Meat – 2.5 LBS cubed
Potatoes – 3 cubed added after 3 hour simmer
Beef Stock – 4 or 5 cups
Olive oil – 3 TBS
Onion - 1 or 2 chopped
Cilantro – I used half a bunch or about 1 cup chopped
Celery - 5 stalks or so chopped
Carrots – 5 or so chopped added after meat is browned
Coriander – 2 TBS roasted and pulverized in a spice mill added to meat prior to browning
Camino – 2 TBS roasted and pulverized in a spice mill added to meat prior to browning
Black Pepper - 2 TBS
Salt - 1 TBS
Soy - 3 or 4 TBS added to the cubed meat and mixed well with spices 
Garlic – fresh (added when simmer begins) and granulated (added to meat) 

Bring the pot to a low boil and then cover the pot and simmer (low) a few hours then add potatoes and simmer for a few more hours.  After the potatoes have been in for a few hours open the pot and stir to make sure the potatoes are well cooked.  The liquid should be thickened by the potatoes.

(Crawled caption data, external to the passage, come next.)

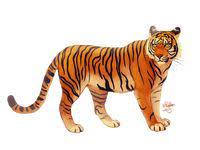 We provide millions of free to download high definition png images. 160 Tiger Free Png Images Ideas Tiger Png Images Free Png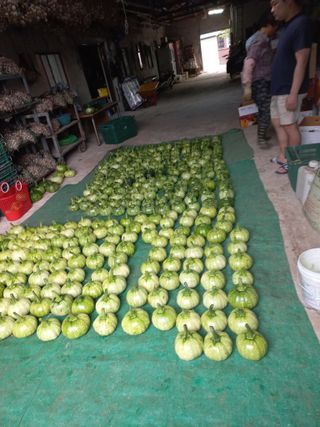 대원농장님의 6월 내 작물 자랑하기🌱 · 참여글 작성글 사진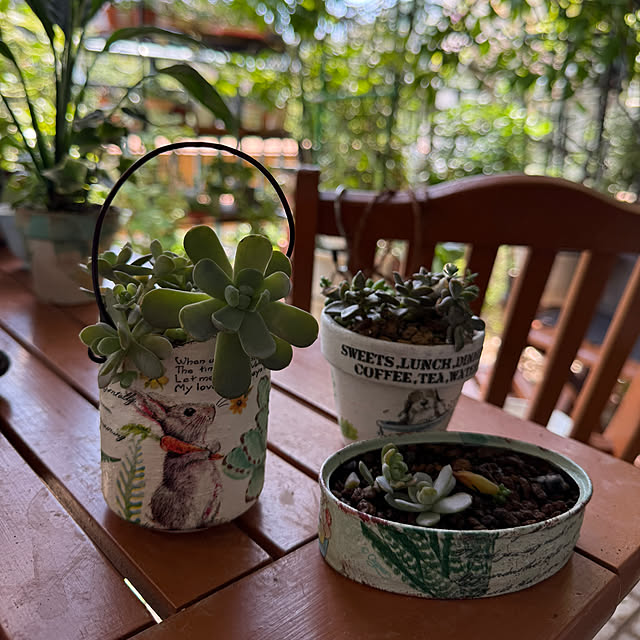 Aqettyさんの部屋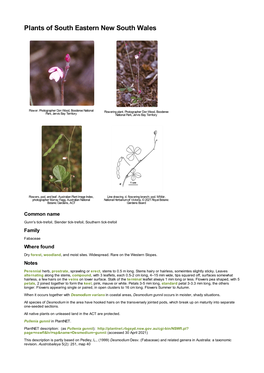 Desmodium Gunnii Occurs in Moister, Shady Situations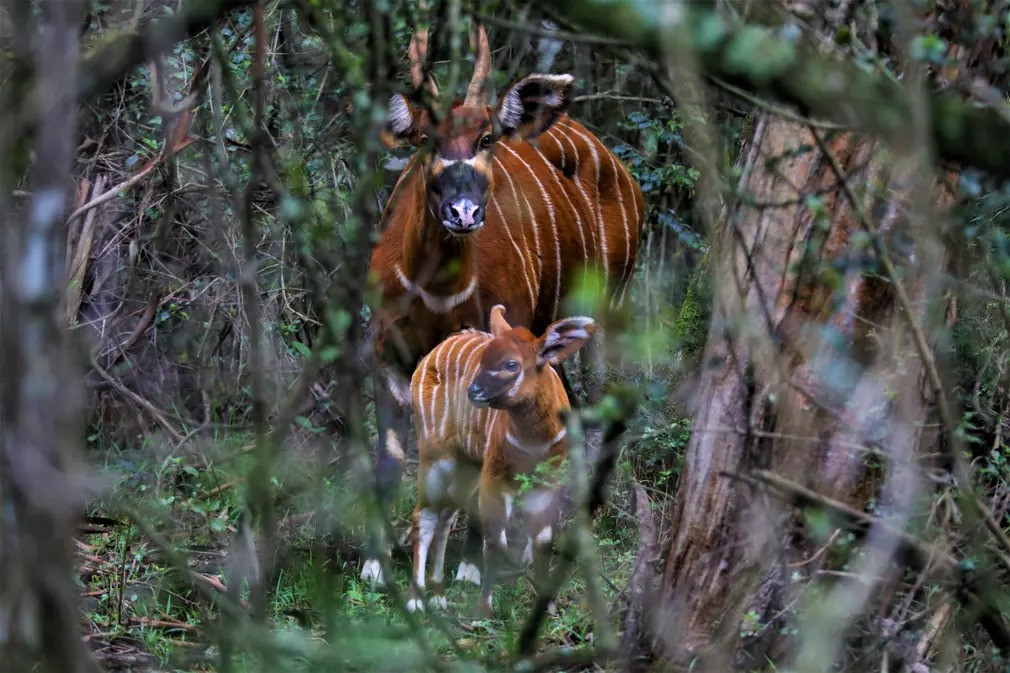 Hai mẹ con linh dương Bongo. Mới đây, 5 cá thể linh dương Bongo quý hiếm đã được thả về khu bảo tồn Mawingu ở Kenya, đánh dấu mốc quan trọng trong cuộc chiến vì sự sinh tồn của loài động vật hiện chỉ còn chưa đến 100 cá thể trong tự nhiên này. Đây là một phần của chương trình nhân giống và tái thả linh dương Bongo do Cơ quan Bảo tồn động vật hoang dã Núi Kenya (MKWC), Cơ quan bảo tồn và quản lý các nguồn tài nguyên động vật hoang dã Kenya (KWS) và Cơ quan bảo tồn và quản lý các nguồn tài nguyên Kenya (KFS) phối hợp thực hiện.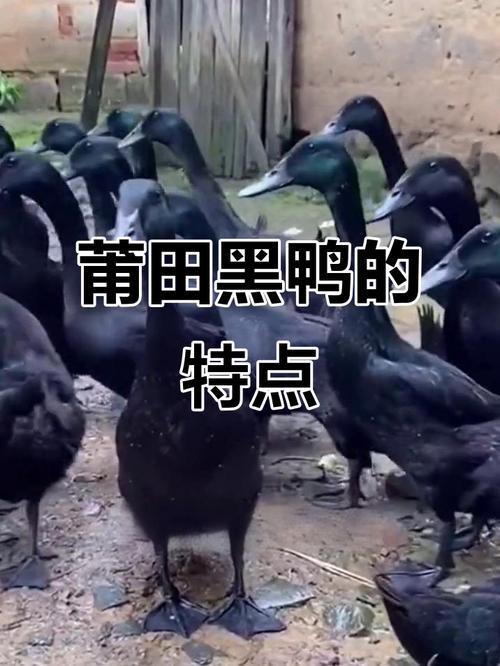 黑鸭子有哪些黑色品种？-图1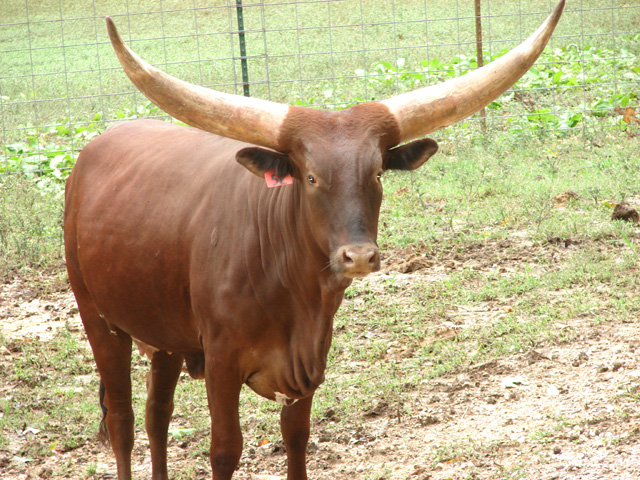 Watusi Registered Heifer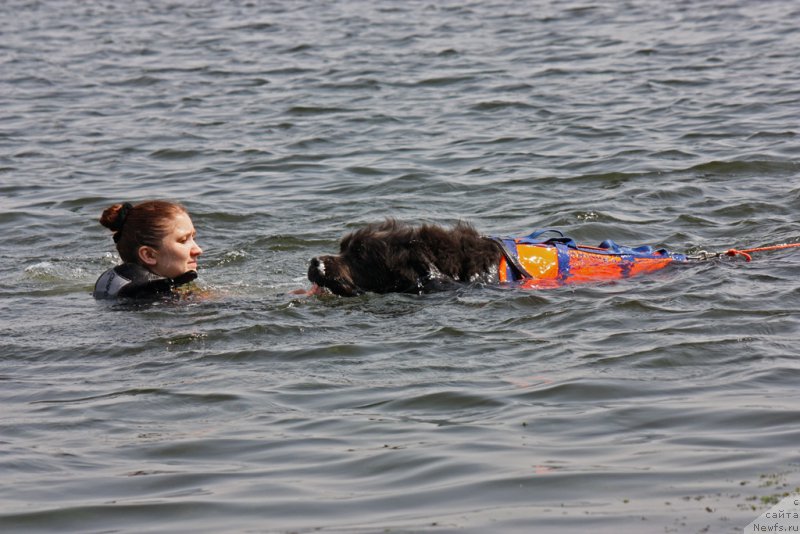 Фото: ньюфаундленд Ангел Хранитель Граффидд (Angel Khranitel Gruffidd)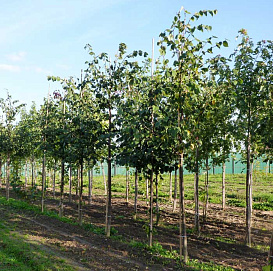 Липа мелколистная (сердцелистная) (подвой)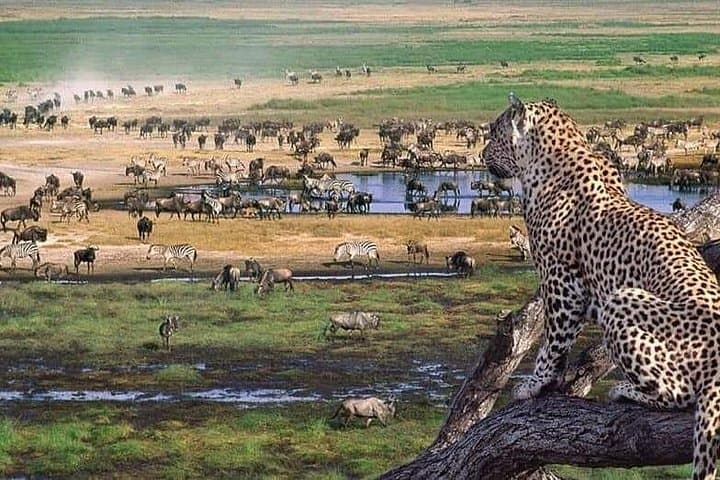 6-Day Wildebeest Migration Safari: Serengeti, Ngorongoro & Tarangire Expedition photo 4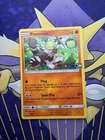 Passimian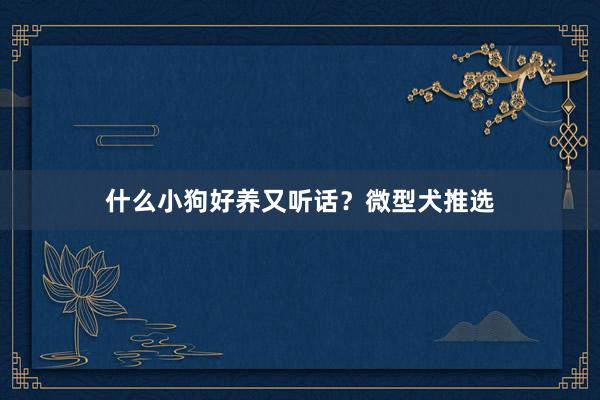 什么小狗好养又听话？微型犬推选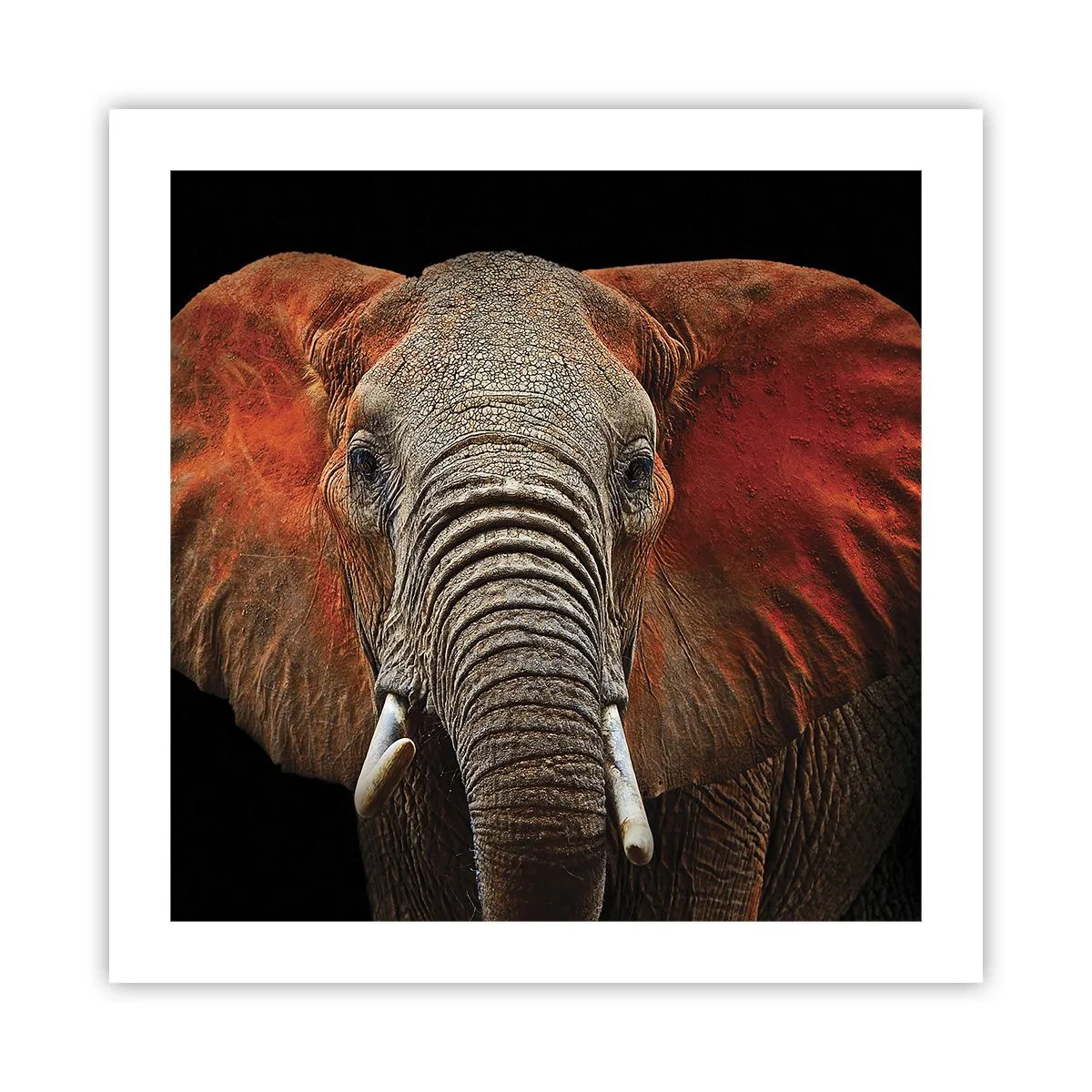 Plagát - Som divoký, a ty? - 50x50 cm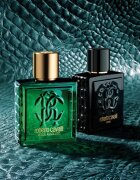Roberto Cavalli Uomo Verde Assoluto Eau de Parfum uraknak 100 ml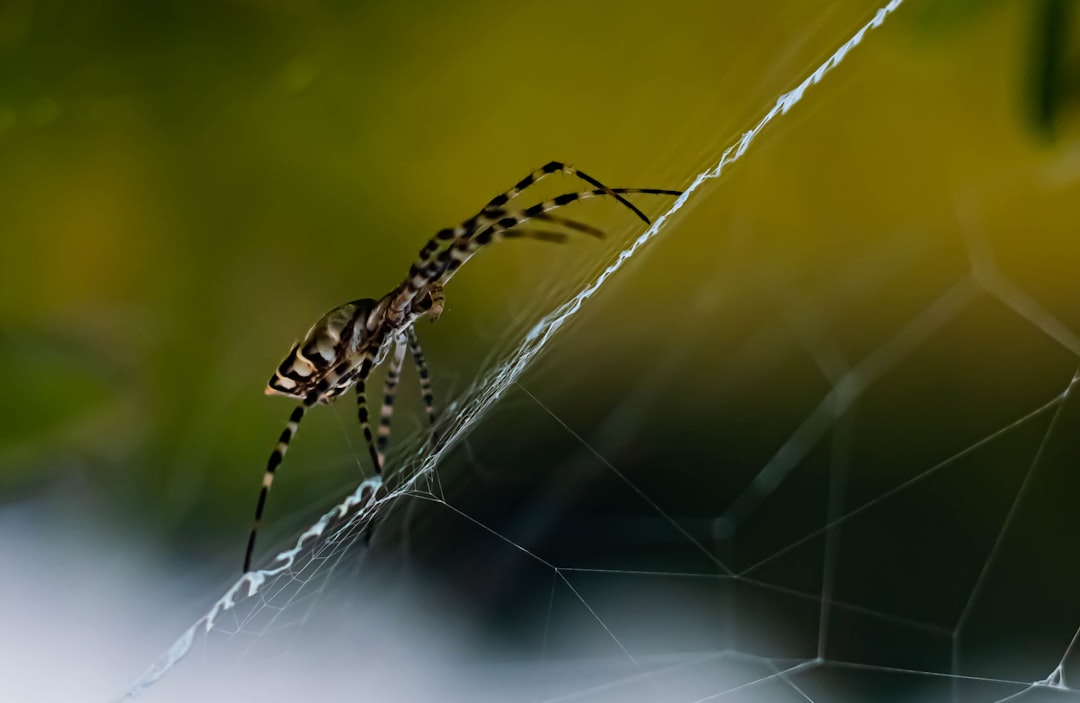 9. Araignée de pêche rayée (crédits image : unsplash)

As with any dish I prepare these days, I have to be keenly aware of sensitive pallets.  My youngest can detect any pepper.  If I was doing this just for me, I would cut up 4 or 5 fresh jalapenos and maybe a couple fresh serranos and throw them in with the carrots.

Enjoy ~

Thursday, September 13, 2012

Breakfast Sausage

Breakfast Sausage

1 pork butt trimmed
Fresh ground organic sage (fluffy and fragrant) (5T)
Fresh garlic (to taste) (5T)
black pepper, white pepper and Szechuan peppercorns (rough pulverized together) (5T)
organic red pepper flakes (pulverized) (1T)
whole fresh organic nutmeg (pulverized) (3T)
whole coriander (roasted and pulverized) (3T)
whole camino (roasted and pulverized)  (3T)
pink Himalayan sea salt (to taste)
a dollop of Bragg’s apple cider vinegar (1/2oz)
the juice of 2 fresh limes

I trimmed the pork butt into small rectangular shaped pieces so they would feed easily through my grinder.  I put all the above ingredients and thoroughly mixed with the meat and let it marinate for an hour.  With the fine blade I ground the pork one time and then mixed the ground pork by hand.  The outcome is an extremely flavorful breakfast sausage.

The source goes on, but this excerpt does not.